Now try & do that in a pitch black room with 1000 televisions on that you can't see & they're all on different channels & somewhere in there is your emotions playing Ring a Ring a Rosie with every Demon, bad memory & fear you've ever had.
Doesn't sound so easy now does it? Let that sink in for a moment.
Sound horrible? Exhausting? Torturous even?
This is what can happen sometimes the very moment your eyes open, or in the middle of a conversation with someone, driving down the fwy or 3am in the morning, laying there broken & exhausted with no relief from sleep insight.
I'm not posting this for your sympathy, your pity or to trigger a feeling in you to want to donate a couple of bucks to some Mental Health Awareness charity.
I'm posting this not for you. Or you, or even you...
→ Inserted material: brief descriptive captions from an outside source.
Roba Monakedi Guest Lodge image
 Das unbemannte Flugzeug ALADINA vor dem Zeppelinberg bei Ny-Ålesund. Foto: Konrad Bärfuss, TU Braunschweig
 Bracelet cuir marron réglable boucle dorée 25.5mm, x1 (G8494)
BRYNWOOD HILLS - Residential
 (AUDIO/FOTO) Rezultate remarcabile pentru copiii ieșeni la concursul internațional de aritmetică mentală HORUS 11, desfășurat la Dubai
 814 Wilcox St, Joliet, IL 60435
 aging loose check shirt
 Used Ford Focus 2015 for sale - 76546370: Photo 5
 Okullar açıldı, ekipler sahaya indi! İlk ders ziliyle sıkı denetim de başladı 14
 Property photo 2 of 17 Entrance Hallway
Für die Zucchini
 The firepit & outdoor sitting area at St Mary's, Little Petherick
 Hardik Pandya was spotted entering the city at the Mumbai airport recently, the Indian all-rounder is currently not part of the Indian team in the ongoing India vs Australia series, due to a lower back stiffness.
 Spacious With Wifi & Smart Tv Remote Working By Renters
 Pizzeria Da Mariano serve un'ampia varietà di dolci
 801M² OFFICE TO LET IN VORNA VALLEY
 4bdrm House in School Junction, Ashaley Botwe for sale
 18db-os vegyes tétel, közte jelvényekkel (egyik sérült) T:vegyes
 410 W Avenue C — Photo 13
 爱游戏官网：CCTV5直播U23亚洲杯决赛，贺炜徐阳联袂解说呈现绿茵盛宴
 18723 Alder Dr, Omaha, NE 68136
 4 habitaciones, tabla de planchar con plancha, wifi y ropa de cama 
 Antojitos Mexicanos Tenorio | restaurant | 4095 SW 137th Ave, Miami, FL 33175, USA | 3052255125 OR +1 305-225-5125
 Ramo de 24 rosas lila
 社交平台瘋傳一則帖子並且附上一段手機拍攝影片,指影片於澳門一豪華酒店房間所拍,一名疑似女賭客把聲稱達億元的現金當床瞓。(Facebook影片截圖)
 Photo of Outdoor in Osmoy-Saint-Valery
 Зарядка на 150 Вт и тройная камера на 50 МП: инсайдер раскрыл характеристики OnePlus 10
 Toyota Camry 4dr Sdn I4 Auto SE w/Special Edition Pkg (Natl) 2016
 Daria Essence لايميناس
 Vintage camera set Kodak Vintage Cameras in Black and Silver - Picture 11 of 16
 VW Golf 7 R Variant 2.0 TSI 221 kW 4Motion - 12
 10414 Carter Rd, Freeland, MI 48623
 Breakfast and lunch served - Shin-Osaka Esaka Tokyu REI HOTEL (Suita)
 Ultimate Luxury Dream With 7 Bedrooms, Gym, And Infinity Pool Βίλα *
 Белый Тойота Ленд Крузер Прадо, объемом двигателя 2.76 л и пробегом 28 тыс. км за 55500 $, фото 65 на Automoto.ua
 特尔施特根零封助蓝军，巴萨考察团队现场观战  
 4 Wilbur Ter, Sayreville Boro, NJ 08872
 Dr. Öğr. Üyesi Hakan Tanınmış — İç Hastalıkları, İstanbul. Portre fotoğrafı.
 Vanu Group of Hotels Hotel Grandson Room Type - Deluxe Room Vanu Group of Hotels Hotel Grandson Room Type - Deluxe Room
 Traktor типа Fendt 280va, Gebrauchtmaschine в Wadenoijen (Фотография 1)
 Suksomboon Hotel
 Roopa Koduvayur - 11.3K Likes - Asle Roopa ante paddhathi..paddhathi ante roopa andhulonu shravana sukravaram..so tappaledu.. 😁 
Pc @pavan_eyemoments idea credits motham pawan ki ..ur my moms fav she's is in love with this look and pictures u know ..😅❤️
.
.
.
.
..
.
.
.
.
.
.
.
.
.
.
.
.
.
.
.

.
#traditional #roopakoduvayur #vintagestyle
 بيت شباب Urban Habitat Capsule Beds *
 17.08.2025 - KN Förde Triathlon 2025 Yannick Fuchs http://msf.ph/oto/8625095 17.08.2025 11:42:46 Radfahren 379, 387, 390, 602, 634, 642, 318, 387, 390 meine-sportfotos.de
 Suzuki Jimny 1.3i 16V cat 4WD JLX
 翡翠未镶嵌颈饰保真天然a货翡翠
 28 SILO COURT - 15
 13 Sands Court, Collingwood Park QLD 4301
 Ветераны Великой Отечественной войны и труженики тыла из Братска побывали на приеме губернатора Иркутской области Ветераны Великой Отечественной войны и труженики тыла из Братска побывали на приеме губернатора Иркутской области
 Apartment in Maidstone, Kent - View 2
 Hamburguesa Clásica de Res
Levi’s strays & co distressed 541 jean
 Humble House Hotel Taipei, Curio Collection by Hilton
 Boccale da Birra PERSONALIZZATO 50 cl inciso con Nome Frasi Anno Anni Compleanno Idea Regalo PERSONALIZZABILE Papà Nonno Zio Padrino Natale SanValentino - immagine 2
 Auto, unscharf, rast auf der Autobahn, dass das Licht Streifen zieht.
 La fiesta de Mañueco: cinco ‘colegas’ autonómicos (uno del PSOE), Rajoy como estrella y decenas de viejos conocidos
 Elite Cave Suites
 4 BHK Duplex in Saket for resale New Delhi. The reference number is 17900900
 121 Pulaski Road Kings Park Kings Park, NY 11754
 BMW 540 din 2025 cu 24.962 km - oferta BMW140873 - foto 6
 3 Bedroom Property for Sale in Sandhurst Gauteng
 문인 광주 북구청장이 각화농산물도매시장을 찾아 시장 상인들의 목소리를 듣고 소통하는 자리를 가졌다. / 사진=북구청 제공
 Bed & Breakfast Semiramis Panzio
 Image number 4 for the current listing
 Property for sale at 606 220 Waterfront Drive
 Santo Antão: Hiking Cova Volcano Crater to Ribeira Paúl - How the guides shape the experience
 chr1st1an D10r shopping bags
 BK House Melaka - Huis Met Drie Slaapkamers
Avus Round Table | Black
I'm posting this for YOU! Yep you 👋. Standing slightly off to the side, hands in your pockets so no-one notices your fidgeting. Head dipped down to try avoiding anyone making eye contact. HI! Guess what, you're not insane. You're not some freak & you're NOT worthless. I may not know your struggle, don't need to. Truth is, nobody can really know someone else's struggle, but that's ok. I know that feeling. It sucks and it shouldn't be one you have. But I'm not going to BS and give you the "it'll all be ok" line while sitting on a rainbow with unicorns & lollipops.
It's tough & it won't be easy. There's a good chance it's never going away either. You're going to fight each day & you're going to feel tired most of the time. I have & still do, live it myself. I see it in the eyes of those I love & those close to me. But just like me, just like them, you ARE worth it. You are stronger than you credit yourself for. You have a strength people don't & won't ever see. Some days you won't be so strong. You're going to have to bluff it. That's ok, we all do.
What I need you to do though is not give up. I know what I'm asking, but YOU ARE WORTH the fight!!!